L'Indonésie, première tribune internationale du FLN
La discussion avec notre ami Ali change. On évoque les relations historiques entre les deux pays dans toutes leurs facettes. Inévitablement, tranche-t-il, les relations bilatérales entre les deux pays ont été marquées par un rendez-vous qui demeurera dans l'histoire des nations et dans les esprits, notamment des deux peuples. Il s'agit de la conférence de Bandoeng de 1955. On constate, durant notre bref séjour, qu'«El Djazaïr» et sa lutte historique contre l'armée française demeurent vives dans la mémoire des habitants de ce pays. Même les héros algériens, qui ont combattu l'arbitraire et l'injustice, sont des modèles de courage et d'amour patriotiques pour les Indonésiens. Le premier souvenir est le la conférence de Bandoeng.
L'Indonésie a été la première tribune internationale offerte aux dirigeants d'alors du FLN pour faire connaître la cause juste et noble qu'a été la guerre de libération nationale. Devant une puissance colonisatrice, qui avait tout fait, mais en vain, pour étouffer la cause nationale, le pays d'Ahmed Sukarno avait tenu à recevoir la délégation algérienne présidée par Hocine Aït Ahmed à la conférence de Bandoeng et ce, en dépit des pressions de la toute puissante armée française et ses alliés traditionnels. Accompagnés notamment par le défunt Mohamed Yazid, un certain 18 avril 1955, les représentants du FLN mirent à nu les objectifs d'une telle lutte devant une trentaine de pays.

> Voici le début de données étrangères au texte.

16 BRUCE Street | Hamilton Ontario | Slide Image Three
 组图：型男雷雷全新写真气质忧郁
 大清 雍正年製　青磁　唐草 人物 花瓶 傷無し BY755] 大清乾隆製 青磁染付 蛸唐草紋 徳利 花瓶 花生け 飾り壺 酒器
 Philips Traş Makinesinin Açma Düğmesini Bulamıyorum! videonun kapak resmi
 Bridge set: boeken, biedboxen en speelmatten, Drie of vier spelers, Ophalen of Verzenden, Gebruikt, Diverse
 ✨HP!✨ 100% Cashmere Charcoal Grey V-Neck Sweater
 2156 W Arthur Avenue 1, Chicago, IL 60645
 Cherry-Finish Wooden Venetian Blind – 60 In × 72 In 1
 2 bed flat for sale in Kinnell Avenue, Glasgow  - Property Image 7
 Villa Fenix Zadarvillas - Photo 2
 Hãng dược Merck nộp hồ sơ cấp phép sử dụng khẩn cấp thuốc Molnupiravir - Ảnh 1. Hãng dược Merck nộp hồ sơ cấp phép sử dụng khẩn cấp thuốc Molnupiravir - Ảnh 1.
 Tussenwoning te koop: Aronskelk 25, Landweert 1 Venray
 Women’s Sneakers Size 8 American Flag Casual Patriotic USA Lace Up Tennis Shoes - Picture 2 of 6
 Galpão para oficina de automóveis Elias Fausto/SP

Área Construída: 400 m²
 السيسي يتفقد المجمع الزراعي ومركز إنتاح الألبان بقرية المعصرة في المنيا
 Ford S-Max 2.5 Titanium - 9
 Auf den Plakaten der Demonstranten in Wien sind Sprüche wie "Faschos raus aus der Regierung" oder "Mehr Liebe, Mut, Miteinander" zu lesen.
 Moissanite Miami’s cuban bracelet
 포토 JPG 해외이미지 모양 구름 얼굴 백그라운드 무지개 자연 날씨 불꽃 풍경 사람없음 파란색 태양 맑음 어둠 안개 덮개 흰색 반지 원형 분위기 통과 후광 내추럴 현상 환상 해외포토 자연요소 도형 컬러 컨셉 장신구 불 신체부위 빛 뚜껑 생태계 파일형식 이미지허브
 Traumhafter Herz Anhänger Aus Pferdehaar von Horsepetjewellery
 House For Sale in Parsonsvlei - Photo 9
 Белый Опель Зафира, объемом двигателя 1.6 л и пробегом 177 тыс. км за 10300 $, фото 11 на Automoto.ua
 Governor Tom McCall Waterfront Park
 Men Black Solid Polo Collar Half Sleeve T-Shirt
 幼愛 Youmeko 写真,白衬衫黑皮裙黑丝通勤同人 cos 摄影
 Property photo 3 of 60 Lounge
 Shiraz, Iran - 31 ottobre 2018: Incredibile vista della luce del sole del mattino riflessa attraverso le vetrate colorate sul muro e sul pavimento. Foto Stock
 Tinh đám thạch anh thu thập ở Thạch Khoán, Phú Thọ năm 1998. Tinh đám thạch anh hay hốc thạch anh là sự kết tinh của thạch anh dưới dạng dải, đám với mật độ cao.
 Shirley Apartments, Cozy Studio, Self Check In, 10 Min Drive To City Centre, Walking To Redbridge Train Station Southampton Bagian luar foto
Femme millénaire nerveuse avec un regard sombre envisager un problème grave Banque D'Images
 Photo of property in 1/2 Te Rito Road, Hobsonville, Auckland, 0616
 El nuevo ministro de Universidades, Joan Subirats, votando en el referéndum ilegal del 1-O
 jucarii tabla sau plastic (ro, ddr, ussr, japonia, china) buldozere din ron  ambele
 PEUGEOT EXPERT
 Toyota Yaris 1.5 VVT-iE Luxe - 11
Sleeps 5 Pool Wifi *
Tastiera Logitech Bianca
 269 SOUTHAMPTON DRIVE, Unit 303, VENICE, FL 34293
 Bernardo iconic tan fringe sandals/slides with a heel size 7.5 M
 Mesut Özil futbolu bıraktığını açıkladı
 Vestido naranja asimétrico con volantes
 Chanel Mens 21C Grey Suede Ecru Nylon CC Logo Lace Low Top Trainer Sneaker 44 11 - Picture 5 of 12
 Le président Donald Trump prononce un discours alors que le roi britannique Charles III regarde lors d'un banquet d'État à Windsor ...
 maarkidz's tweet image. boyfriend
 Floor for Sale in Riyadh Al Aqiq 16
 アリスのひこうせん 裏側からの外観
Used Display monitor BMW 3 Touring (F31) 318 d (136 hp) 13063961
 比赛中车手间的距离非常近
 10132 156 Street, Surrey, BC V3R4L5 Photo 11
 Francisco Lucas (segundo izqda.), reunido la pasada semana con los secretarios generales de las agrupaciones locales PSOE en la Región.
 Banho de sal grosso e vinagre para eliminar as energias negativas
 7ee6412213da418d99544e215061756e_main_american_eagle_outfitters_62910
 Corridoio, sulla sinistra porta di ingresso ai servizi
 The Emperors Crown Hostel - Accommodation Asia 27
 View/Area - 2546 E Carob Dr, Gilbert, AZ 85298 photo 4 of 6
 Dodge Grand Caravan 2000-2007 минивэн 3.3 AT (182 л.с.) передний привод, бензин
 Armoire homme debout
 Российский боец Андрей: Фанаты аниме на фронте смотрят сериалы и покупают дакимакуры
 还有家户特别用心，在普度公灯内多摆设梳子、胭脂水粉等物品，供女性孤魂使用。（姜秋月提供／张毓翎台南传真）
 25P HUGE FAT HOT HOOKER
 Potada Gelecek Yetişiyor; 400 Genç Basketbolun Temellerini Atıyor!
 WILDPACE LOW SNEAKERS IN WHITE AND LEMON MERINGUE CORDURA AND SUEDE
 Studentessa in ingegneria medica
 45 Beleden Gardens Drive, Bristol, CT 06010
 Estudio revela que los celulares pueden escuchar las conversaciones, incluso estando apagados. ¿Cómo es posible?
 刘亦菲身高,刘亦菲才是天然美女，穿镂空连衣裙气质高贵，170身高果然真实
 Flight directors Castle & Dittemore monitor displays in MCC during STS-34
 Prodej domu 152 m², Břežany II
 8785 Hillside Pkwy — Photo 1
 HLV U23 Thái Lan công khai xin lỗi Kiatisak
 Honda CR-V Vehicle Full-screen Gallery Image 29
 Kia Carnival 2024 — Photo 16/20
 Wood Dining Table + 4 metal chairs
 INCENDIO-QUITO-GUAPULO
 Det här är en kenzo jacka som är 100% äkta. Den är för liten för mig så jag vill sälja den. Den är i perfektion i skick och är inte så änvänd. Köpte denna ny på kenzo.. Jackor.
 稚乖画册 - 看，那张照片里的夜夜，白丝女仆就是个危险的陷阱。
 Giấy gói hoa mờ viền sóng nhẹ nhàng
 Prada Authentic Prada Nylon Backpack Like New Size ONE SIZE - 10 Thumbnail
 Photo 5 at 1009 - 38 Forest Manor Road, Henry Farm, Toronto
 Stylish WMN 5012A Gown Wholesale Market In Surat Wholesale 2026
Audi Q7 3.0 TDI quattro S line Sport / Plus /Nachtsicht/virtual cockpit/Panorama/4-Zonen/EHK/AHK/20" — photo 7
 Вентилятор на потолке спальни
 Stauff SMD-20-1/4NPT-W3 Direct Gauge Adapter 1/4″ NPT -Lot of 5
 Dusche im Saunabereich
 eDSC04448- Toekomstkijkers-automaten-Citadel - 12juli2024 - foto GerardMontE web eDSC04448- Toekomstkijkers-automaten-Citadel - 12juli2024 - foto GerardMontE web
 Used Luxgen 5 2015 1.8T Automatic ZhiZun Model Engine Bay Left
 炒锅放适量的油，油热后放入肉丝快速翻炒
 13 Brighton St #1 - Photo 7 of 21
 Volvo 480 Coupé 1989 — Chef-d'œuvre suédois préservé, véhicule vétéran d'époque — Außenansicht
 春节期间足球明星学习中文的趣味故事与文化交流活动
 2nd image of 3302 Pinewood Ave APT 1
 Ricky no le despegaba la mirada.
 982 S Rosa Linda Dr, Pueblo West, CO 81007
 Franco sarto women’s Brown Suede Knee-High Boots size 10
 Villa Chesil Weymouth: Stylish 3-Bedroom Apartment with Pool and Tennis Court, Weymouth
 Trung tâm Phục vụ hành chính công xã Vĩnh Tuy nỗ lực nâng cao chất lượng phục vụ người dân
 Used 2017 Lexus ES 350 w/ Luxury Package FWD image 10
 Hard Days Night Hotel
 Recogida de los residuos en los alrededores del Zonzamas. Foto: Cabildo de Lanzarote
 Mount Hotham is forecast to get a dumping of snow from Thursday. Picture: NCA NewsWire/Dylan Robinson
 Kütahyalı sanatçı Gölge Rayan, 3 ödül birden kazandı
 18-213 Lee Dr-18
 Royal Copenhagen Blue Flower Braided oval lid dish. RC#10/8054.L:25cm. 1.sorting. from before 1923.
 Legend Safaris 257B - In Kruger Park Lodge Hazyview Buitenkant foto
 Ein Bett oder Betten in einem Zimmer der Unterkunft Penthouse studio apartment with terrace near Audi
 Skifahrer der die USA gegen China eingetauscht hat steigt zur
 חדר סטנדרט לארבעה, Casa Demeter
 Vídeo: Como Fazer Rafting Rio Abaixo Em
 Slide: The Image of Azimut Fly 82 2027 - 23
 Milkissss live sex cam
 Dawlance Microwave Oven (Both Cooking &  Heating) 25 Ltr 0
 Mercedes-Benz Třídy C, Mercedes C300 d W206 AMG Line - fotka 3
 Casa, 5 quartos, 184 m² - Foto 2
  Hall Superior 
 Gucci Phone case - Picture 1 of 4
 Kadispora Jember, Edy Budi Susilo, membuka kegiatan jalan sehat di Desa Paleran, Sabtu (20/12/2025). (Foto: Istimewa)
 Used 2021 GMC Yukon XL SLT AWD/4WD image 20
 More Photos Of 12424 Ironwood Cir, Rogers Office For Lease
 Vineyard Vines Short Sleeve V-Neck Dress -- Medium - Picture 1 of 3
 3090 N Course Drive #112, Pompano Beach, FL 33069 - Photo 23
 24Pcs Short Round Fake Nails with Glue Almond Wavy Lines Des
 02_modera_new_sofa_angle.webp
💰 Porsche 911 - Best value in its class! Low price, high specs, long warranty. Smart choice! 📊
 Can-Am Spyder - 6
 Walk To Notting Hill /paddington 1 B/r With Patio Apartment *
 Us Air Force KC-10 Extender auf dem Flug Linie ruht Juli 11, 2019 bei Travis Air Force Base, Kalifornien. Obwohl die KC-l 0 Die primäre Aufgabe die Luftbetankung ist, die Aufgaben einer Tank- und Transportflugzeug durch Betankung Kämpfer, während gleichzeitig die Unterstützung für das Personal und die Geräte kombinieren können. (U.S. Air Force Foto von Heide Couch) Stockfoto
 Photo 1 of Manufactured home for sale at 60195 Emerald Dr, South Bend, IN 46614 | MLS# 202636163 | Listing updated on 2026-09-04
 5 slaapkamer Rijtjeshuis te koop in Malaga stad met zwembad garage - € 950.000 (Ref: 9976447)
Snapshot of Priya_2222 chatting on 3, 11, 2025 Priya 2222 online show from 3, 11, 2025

Conscients de leur force, ces pays asiatiques et africains, qui ont acquis, plutôt arraché, leur indépendance, décidèrent alors de tout mettre en œuvre pour aider les autres peuples, sous domination étrangère, à se libérer.
Tel a été l'objet de la conférence de Bandoeng, tenue du 18 au 24 avril 1955 et qui avait marqué l'entrée du tiers-monde sur la scène internationale. «Notre amitié date de plus d'un demi-siècle», nous a résumé, de son côté, Mohamed, retraité dans une boîte de communication à Jakarta. «Vous avez des héros qui ont combattu avec peu de moyens la France. Ils ont magistralement marqué leur passage dans cette vie», tient-il à préciser. «Je n'ai jamais vu une guerrière telle que Djamila Bouhired», ajoute-t-il plus loin. En effet, le film qu'a consacré le grand Youssef Chahine à la vie de la militante et résistante
algérienne Djamila Bouhired, diffusé durant plusieurs mois en Indonésie, sous le nom de Djamila l'Algérienne, a fait connaître la notoriété de cette combattante hors frontières.
Des témoignages et des hommages de la part d'une nation très lointaine qui réconfortent nos héros, eux qui, en réalité, n'ont pas vraiment besoin de reconnaissance car leur cause demeure et demeurera des plus nobles.